▶ **Required work**
Your reply should be the whole listing, copied exactly, with the pictures left out.

▶ **Source material**
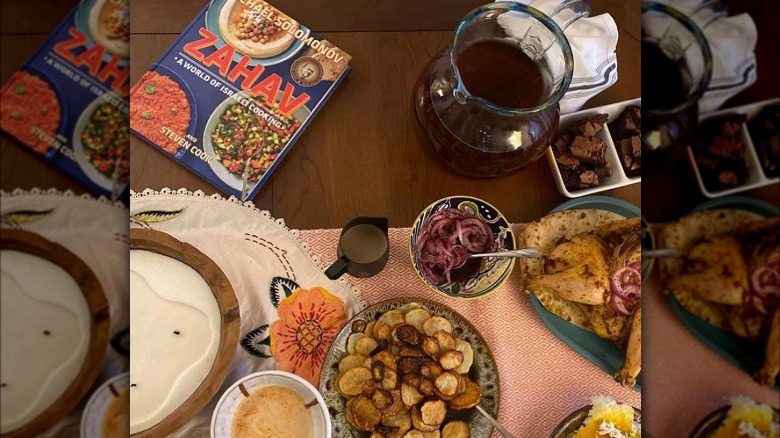 spread of food with roast chicken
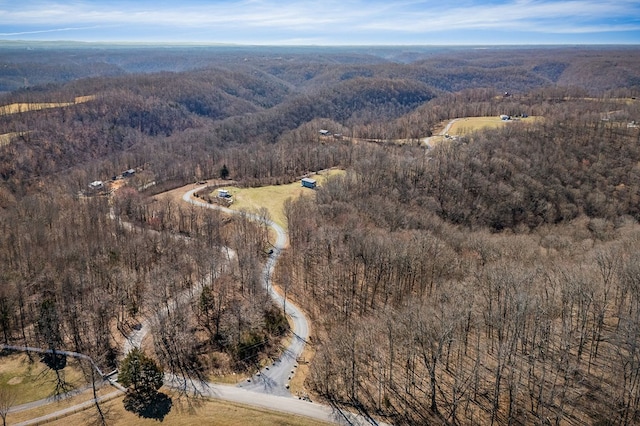 birds eye view of property featuring a wooded view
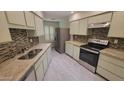 Well-equipped kitchen with modern appliances, stainless steel appliances, granite countertops and ample cabinet space at 17463 N Del Webb Blvd, Sun City, AZ 85373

▶ **Expected output**
 spread of food with roast chicken
 birds eye view of property featuring a wooded view
 Well-equipped kitchen with modern appliances, stainless steel appliances, granite countertops and ample cabinet space at 17463 N Del Webb Blvd, Sun City, AZ 85373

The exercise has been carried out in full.